Relegations-Nullnummer: KSC vs FC Erzgebirge Aue 0:0 – 18.5.2018
Das war es also, das heißerwartete erste Relegationsspiel: In einem grausigen (positiver ausgedrückt: »von der Taktik geprägten«) Match trennten sich der KSC und der FC Erzgebirge »Wismut« Aue 0:0. Was wohl »auf dem Papier« eher für das Auswärtsteam Aue ein »gutes« Ergebnis ist…
KSC vs FC Erzgebirge Aue 0:0
Endlich mal wieder was los im Wildpark! Wenn es um etwas geht, kommen sie in Karlsruhe aus ihren Löchern und wollen dabei sein. Erstmals seit der tragischen Relegation 2015 gegen den HSV war der Wildpark, was die heimischen Zuschauer angeht, ausverkauft.
Im Gegensatz zu früheren Gelegenheiten dieser Art war der KSC diesmal sogar darauf vorbereitet. Es gab genug Getränkestände, die Getränke gingen nicht zur Halbzeit aus, auch der Zugang klappte einigermaßen reibungslos. Geht doch!
Die Sonne schien und Fans waren gut gelaunt und hatten die Woche in ihren Lagerhallen und Scheunen für umfangreiche Bastelarbeiten genutzt. Die Gegengerade präsentierte ein über die ganze Platzlänge reichendes Spruchband mit einem zeitlos-launigen Wildpark-Bonmot, untermalt von in der spätnachmittäglichen Sonne glitzernden Folien in Blau und Weiß. Sehr hübsch!
Auch im Gästeblock ließ man sich nicht lumpen und brachte neben einer großen dekorativen Zeltplane auch Fähnchen in Violett und Weiß mit, die lustig in den Himmel geschwenkt wurden. Auch sehr hübsch!
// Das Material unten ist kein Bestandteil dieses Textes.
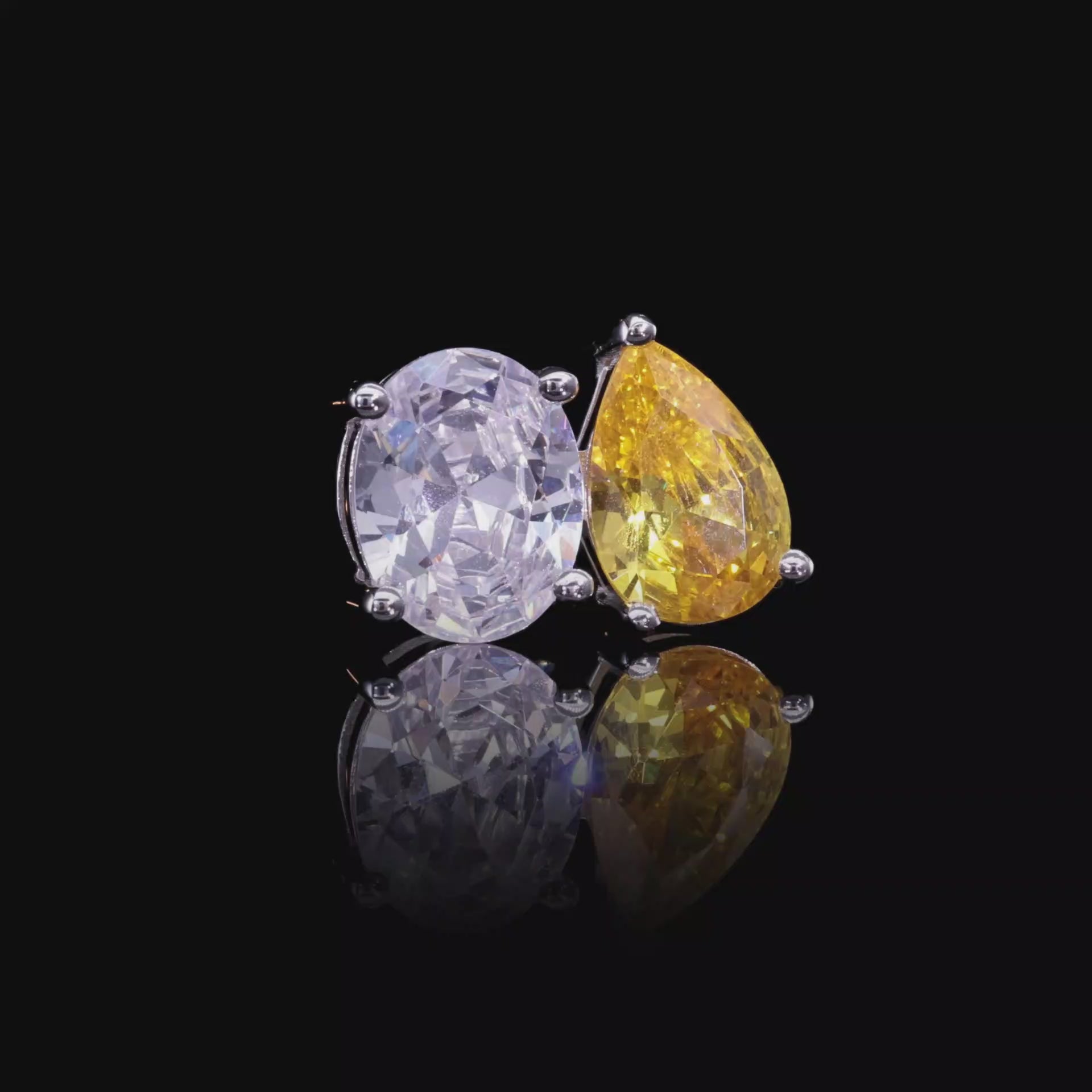 Moissanite Toi et Moi Stud Earrings – Oval & Pear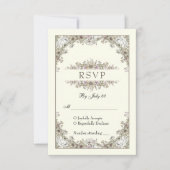 Tekening bloemen ivoor romantische bruiloft RSVP k (Voorkant)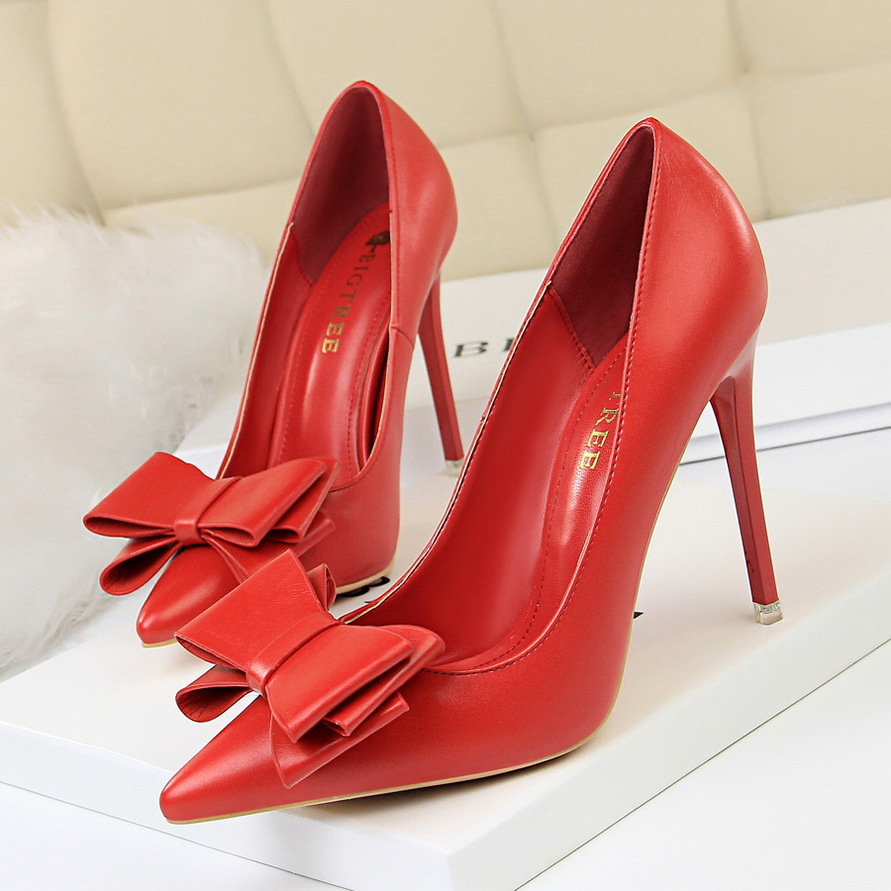9511-18 Korean Fashion Sweet High Heels Stiletto Heel High Heel Slim Shallow Mouth Pointed Bow Shoes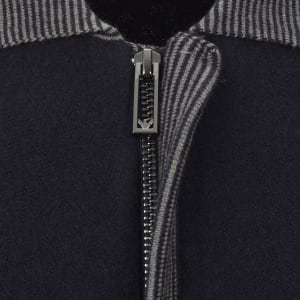 Image number 4 for Emporio Armani Full Zip Wool Jumper Iconico Navy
Bevor es losging, erhielt der langjährige Torwart und Mannschaftskapitän Dirk »Orle« Orlishausen vom Verein einen Blumenstrauß und warme Abschiedsworte. Ein neuer Vertrag mit Anschlussperspektive wäre ihm lieber gewesen. Da selbiger ausblieb, entschied Orle sich, die Zelte in Karlsruhe abzubrechen und ab der nächsten Saison als Stand-By-Torwart und Torwarttrainer bei Hansa Rostock anzuheuern. Orle war seit 2011 beim KSC und lange Jahre der Stammtorwart. Und in der Katastrophensaison 16/17 der einzige Akteur (von den Erwachsenen), dem man seine Zerknirschtheit ob des sang- und klanglosen Abstiegs abnehmen konnte. Da sagen wir: Danke Orle für die vielen Jahre, und alles Gute!
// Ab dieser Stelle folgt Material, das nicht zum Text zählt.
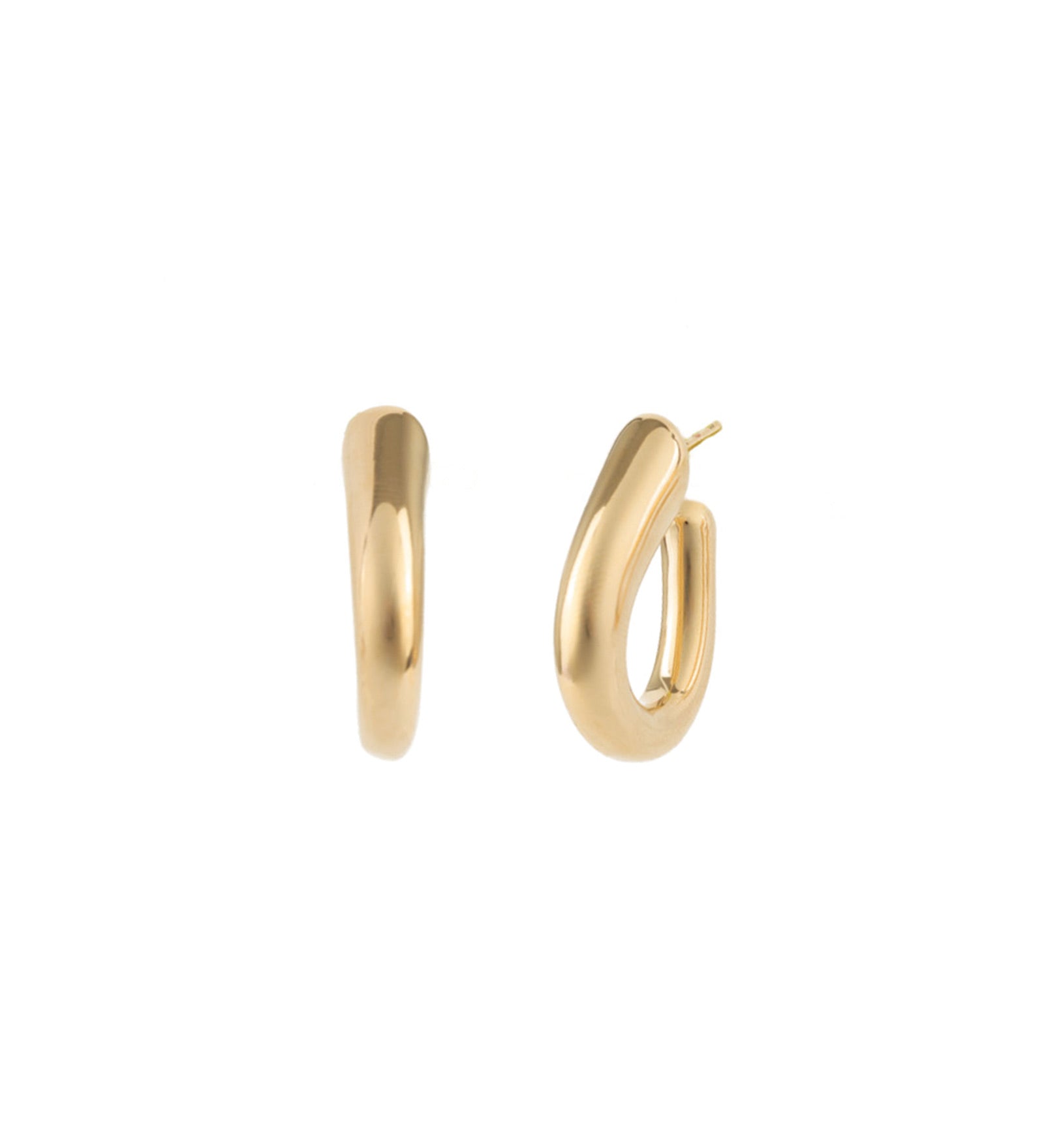 Wide Hook Hoops 18k Gold Plated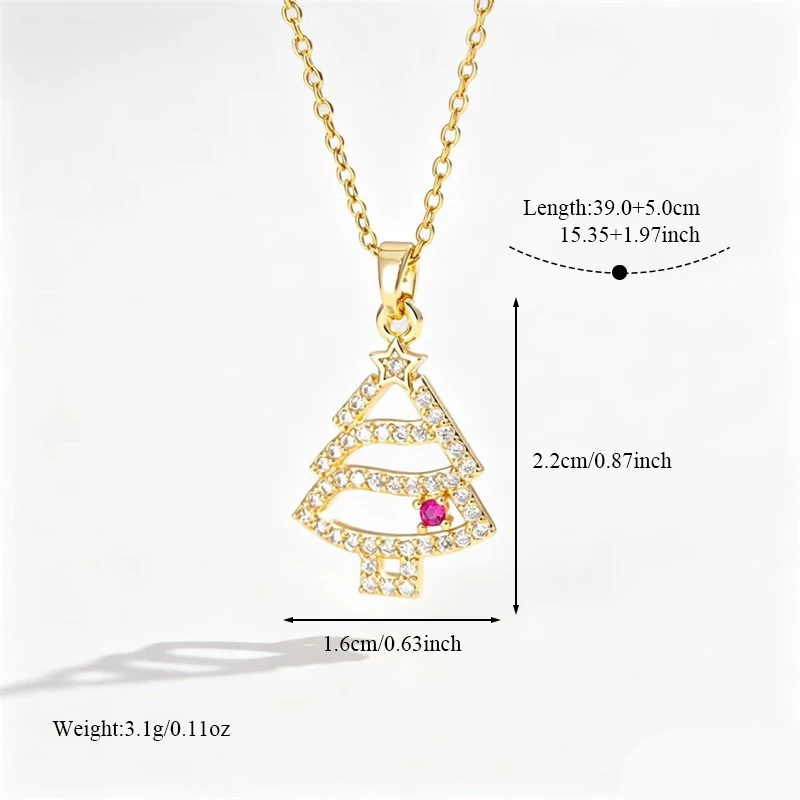 GANEMLY Christmas Sparkling Zirconia Snowflakes Pendant Necklace For Women Stainless Steel PVD Plated Collar Popular Jewelry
Die Bühne war also bereitet für ein großes Fußballspiel. Nur: Das fand nicht statt. Dass Trainer Hannes Drews seine »Veilchen« auswärts nicht in ein Offensivspektakel schicken würde war klar. Für das Auswärtsteam im Hinspiel kann die Devise nur »nicht verlieren und vielleicht ein Auswärtstor machen« heißen. Und genau so spielten sie.
Etwas überraschend war aber die totale Defensivausrichtung des KSC. Trainer Alois Schwartz hatte sich in einer Woche Geheimtraining ausgedacht: »Wir spielen auf 0:0!« Man ließ, alle Feldspieler hinter dem Ball versammelt, die Auer im Mittelfeld ein wenig Ballbesitz genießen, riegelte die eigene Hälfte aber rigoros ab. Es erinnerte an das legendäre CL-Defensivfinale 2012 Bayern vs Chelsea unter di Matteo.
Die Blau-Weißen unterbanden so die Offensivaktivitäten der Erzgebirgler, hatten aber ihrerseits im gesamten Spiel keine richtige Torchance. Es war schon ernüchternd zu sehen, wie ganzheitlich gestandene Zweitligaspieler das hochgelobte KSC-Sturmduo Schleusener und Pourié über die gesamte Spielzeit abmeldeten.
So ist das Fazit über dieses Relegationshinspiel schnell geschrieben: Es war ein grottenlangweiliges Gekicke, das lediglich von der einem Relegationsspiel nun einmal grundsätzlich innewohnenden Spannung lebte. Als neutraler Zuschauer hätte ich mir das im TV garantiert nicht zu Ende angeschaut…
Die Lage
Was machen wir nun mit diesem 0:0 unter dem Gesichtspunkt »Aufstieg in die Zweite Liga«?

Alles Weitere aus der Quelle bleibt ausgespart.